Subject: Ken “KC” Estenson
Job title: Senior VP and GM of CNN.com, responsible for all aspects of CNN.com’s business endeavors. Named to this position in September 2008, Estenson is based in CNN’s world headquarters in Atlanta and reports to Susan Grant, executive vice president of CNN News Services. Previously employed: The Walt Disney Company, where Estenson oversaw the digital media businesses Disney’s cable networks including Disney Channel Worldwide, SOAPnet and ABC Family. In 2007, Estenson received a Primetime Emmy® Award for Excellence in Interactive Television Programming for ABC Family’s Fallen Alternate Reality Game. Location of breakfast interview: Four Seasons Hotel, Georgetown, Washington, D.C.
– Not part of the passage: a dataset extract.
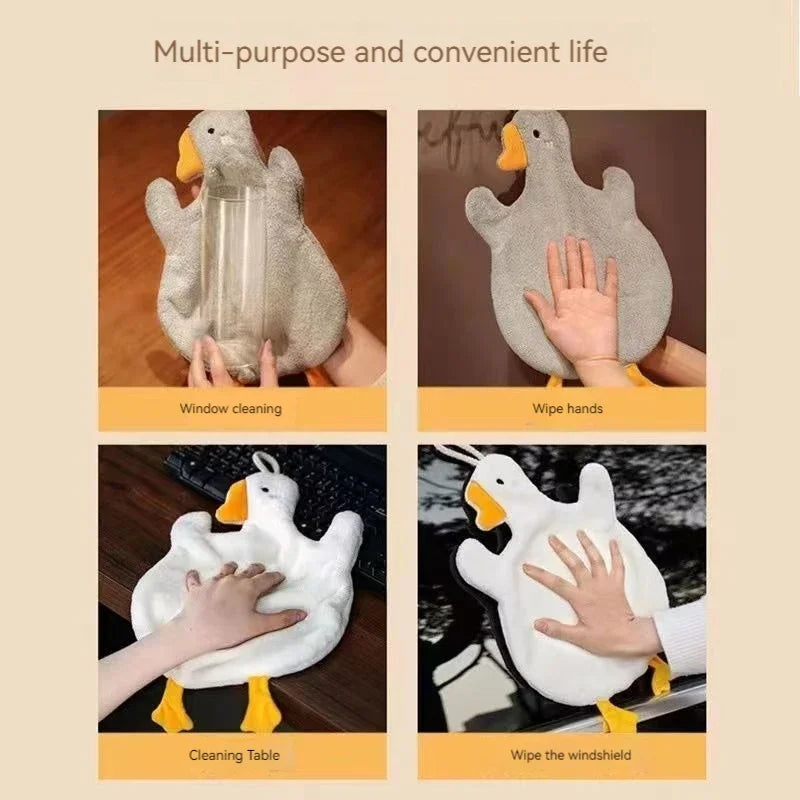Cartoon Goose Hand Towel – Hanging Type, Quick-Dry, High Absorbency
Where he lives: Atlanta since 2008 Born: Portland, Ore. until age 3 Formative years: Sacramento, Calif. “It’s a cool little city. I look back with such jealousy and envy. So whatever, I can hike in the Sierra’s on a Tuesday afternoon, I would die to do that. People say Atlanta’s got great access to the outdoors. It really doesn’t. The thing about Atlanta is it’s got a real rebel soul to it, really good restaurants, they like to party, people are really nice and it’s a football crazy city. You get the four seasons (not the hotel), and that airport will get you anywhere in the world. It’s not an airport to love, it’s just an airport that gets you where it needs you to go.” Smarty-pants: B.A. in political science with honors from St. Mary’s College of California; the Fletcher School of Law and Diplomacy at Tufts University. He also earned a master’s of education from Harvard University.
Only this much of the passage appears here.